■ **WHAT YOU SHOULD DO**
Your answer should hold exactly the lines below from the line with "Now let's look" through the line with "We also need", both included, and no pictures at all.

◆ ◆ ◆ ◆ ◆

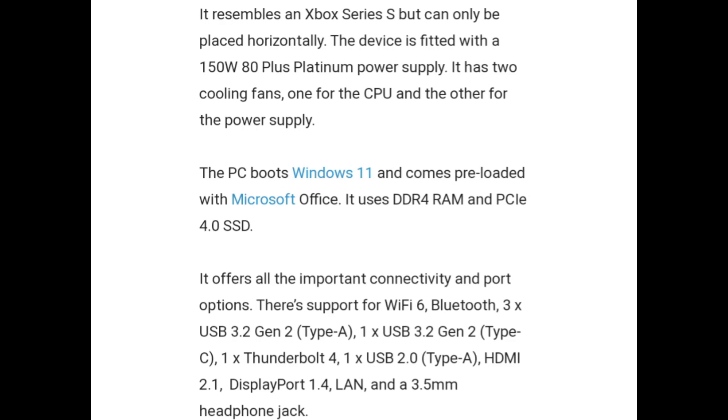The device is fitted with a 150W 80 Plus Platinum power supply. It has two cooling fans — one for the CPU and one for the power supply. The PC boots Windows 11 and comes preloaded with Microsoft Office. It uses DDR4 RAM and a PCIe 4.0 SSD.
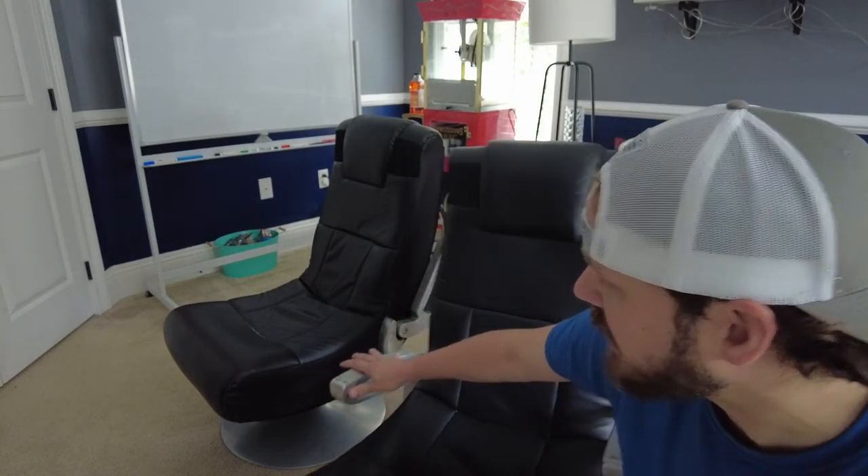This is the X-Rocker pedestal gaming chair, and they have two of them, which is more fun when you're playing together. These things have been in this room for years.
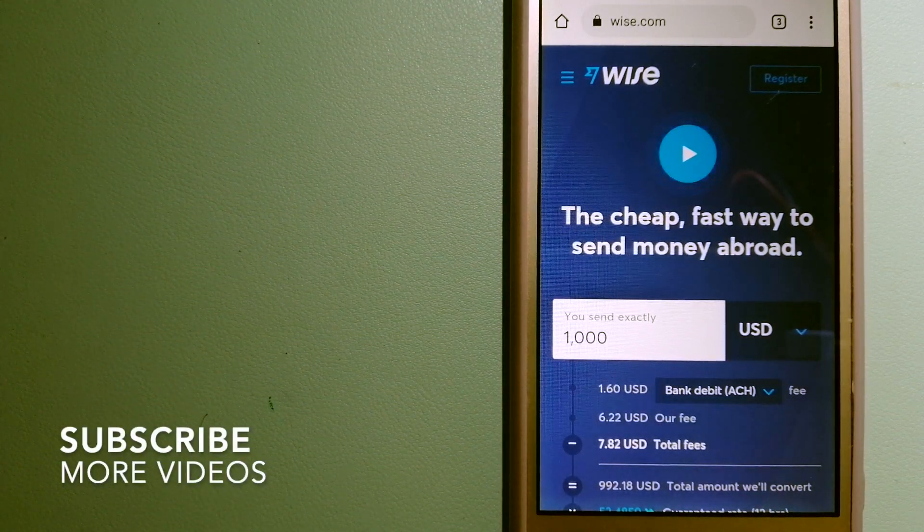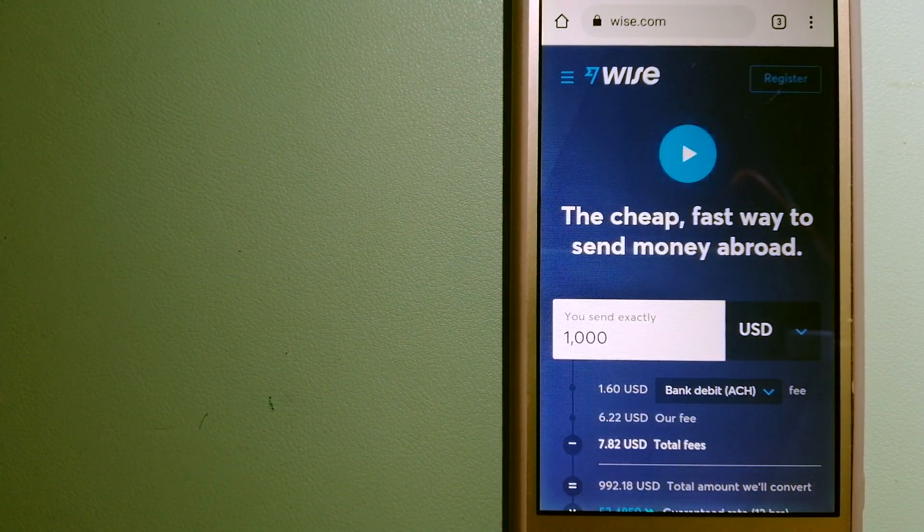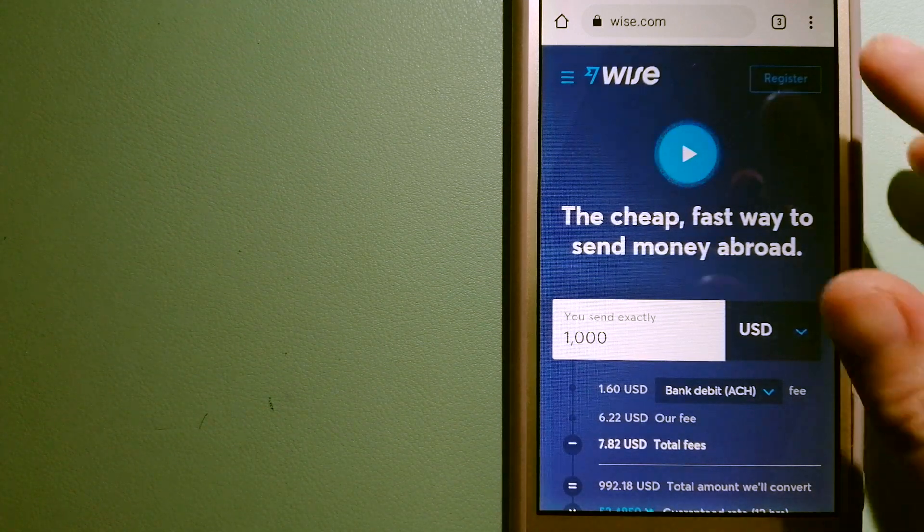Our first option is Wise, formerly TransferWise. People on every continent around the world are choosing Wise to help them live, travel, and work internationally. They have the fairest and easiest way to send money overseas. Using Wise is as simple as sending money from A to B, but behind their app and website is a complex engine of currencies designed, built, and powered by their talented teams in cities around the world. For more information on Wise, just check the video description.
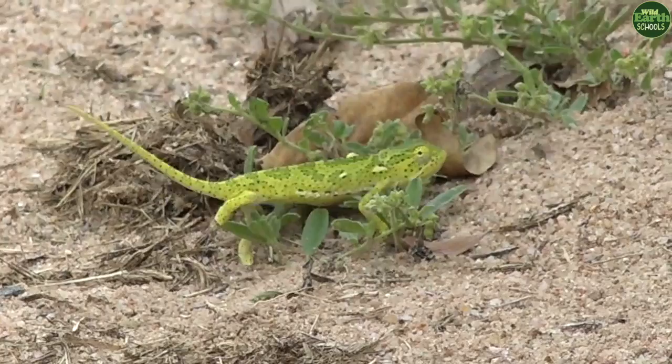Bring your class on a live African safari. For a chance to join an educational and interactive game drive, apply for a school session. Go to schoolbookings.wilder.tv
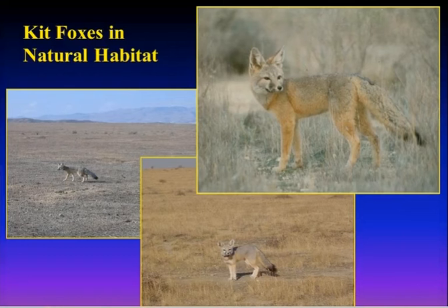This is from a paper that Dr. Dave Germano at Cal State Bakersfield drafted, which defines what's called the San Joaquin Desert. We used a number of desert-adapted species to define that range. The red and yellow areas represent the high-quality habitat for kit foxes — particularly the red areas represent the prime desert-adapted zone.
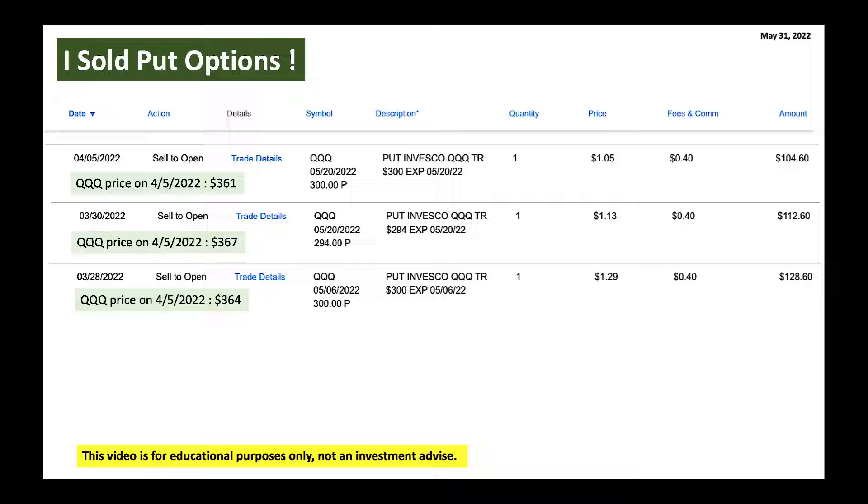Now let's look at a case study of QQQ and my thought process. On April 5th, I sold a put option when QQQ was at $361. My rationale was: if I sell a one-month expiration put option at the $300 strike — with the current price at $361 — how likely is it that QQQ drops from $361 all the way to $300 in one month? That was my rationale.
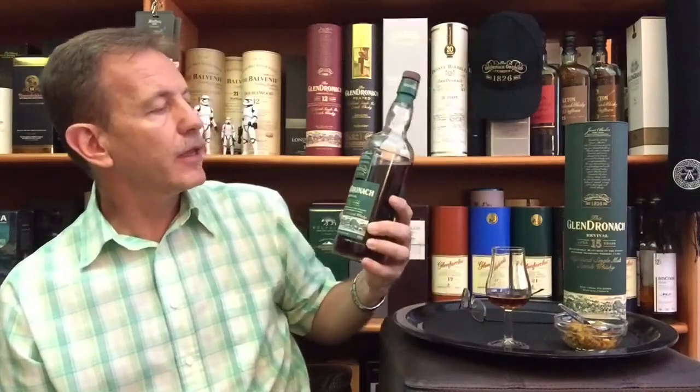Matured exclusively in Spanish Oloroso sherry casks — you can see the very dark color there, and that's how I got to know the Glendronach distillery, with its whiskey exclusively matured in sherry casks. You can see the deep gold with a mahogany heart — that is how Glendronach describes this whiskey's color. Bottled at 46%, slightly higher than normal, non-chill filtered and no coloring added, so it's the best that you can get. All of the boxes ticked.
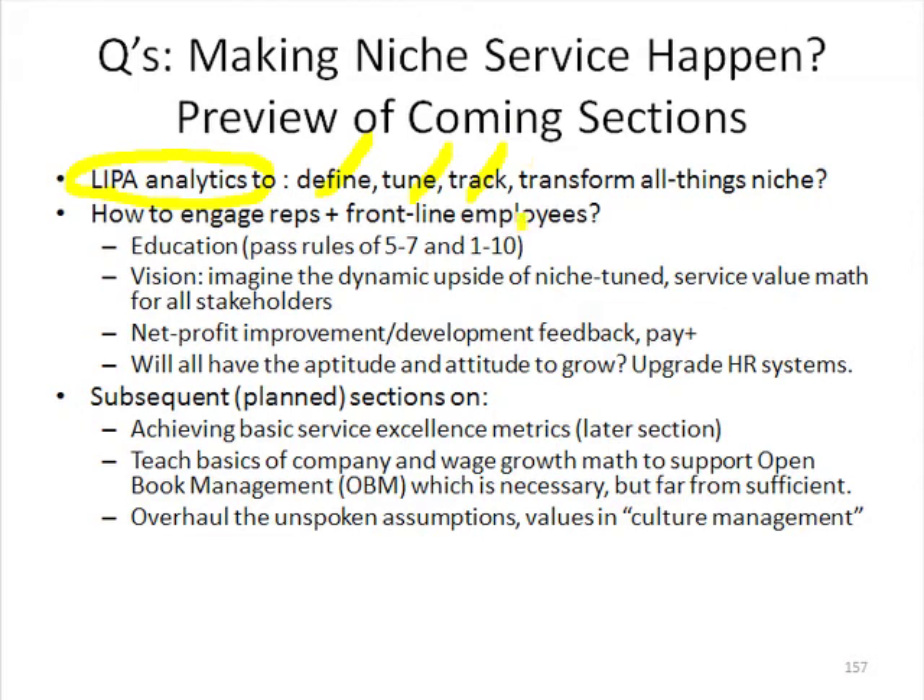We also need it to track how we're doing on the 5-5-5, within tracking reports — a 5-5 report we'll take a look at. And then the ongoing transformation of all things in the niche, particularly taking big losing customers and turning them into winners and getting more share out of them.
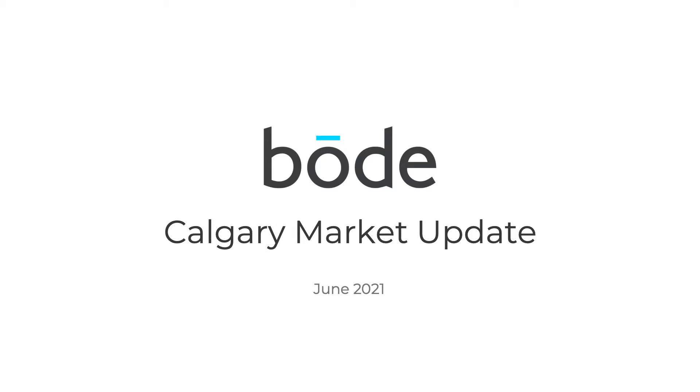Welcome everyone. This is Bode's Calgary real estate market update for June 2021. This video will quickly show you what's happening in Calgary at a macro level and then show you where you can find all the data for your specific community and property type. So let's dive in.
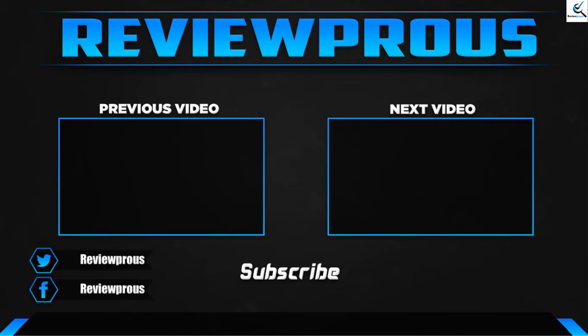Thank you for watching, guys. I hope you liked this video. If this video helped you, please make sure to like, comment, and subscribe. If you have any questions related to these products, you can leave a comment down below and I'll get back to you as soon as possible.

◆ ◆ ◆ ◆ ◆

■ **WRITTEN REPLY**
Now let's look at a case study of QQQ and my thought process. On April 5th, I sold a put option when QQQ was at $361. My rationale was: if I sell a one-month expiration put option at the $300 strike — with the current price at $361 — how likely is it that QQQ drops from $361 all the way to $300 in one month? That was my rationale.
Matured exclusively in Spanish Oloroso sherry casks — you can see the very dark color there, and that's how I got to know the Glendronach distillery, with its whiskey exclusively matured in sherry casks. You can see the deep gold with a mahogany heart — that is how Glendronach describes this whiskey's color. Bottled at 46%, slightly higher than normal, non-chill filtered and no coloring added, so it's the best that you can get. All of the boxes ticked.
We also need it to track how we're doing on the 5-5-5, within tracking reports — a 5-5 report we'll take a look at. And then the ongoing transformation of all things in the niche, particularly taking big losing customers and turning them into winners and getting more share out of them.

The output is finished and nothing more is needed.